Determine the number of lines in the listing below in which the word "Snake" is present, and state it without comment.

↓↓↓

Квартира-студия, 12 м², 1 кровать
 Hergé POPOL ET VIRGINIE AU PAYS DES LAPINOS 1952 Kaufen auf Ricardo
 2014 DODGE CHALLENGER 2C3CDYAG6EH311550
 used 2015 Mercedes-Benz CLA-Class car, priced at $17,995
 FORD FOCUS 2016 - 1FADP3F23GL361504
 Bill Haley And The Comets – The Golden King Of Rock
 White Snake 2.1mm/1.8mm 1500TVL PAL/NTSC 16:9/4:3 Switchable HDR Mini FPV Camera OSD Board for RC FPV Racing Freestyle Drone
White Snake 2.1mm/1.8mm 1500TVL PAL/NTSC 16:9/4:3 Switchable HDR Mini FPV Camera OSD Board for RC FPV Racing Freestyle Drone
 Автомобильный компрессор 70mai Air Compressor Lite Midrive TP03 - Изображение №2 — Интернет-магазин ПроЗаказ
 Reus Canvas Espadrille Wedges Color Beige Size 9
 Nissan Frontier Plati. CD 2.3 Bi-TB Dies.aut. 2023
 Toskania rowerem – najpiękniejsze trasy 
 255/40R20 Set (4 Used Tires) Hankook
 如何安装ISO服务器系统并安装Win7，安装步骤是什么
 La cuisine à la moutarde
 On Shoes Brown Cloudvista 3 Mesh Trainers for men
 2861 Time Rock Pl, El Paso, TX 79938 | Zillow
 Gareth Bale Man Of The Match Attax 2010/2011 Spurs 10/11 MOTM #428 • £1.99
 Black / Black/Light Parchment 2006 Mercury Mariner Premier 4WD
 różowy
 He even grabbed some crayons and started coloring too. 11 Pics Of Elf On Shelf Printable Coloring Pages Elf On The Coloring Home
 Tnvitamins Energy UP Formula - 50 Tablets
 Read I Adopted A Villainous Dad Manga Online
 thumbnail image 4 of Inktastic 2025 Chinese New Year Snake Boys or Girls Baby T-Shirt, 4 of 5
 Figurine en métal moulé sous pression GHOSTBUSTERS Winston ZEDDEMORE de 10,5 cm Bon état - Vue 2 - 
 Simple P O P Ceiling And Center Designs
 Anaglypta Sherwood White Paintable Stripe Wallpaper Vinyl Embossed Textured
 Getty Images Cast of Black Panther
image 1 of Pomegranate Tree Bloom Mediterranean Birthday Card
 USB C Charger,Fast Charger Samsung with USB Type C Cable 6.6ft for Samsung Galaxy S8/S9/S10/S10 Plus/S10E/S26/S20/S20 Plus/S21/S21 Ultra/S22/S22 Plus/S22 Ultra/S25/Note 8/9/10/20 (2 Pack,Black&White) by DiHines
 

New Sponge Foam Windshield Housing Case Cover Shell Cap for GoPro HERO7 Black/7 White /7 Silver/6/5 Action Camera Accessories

↑↑↑

COMPLETED EXERCISE ▸ 3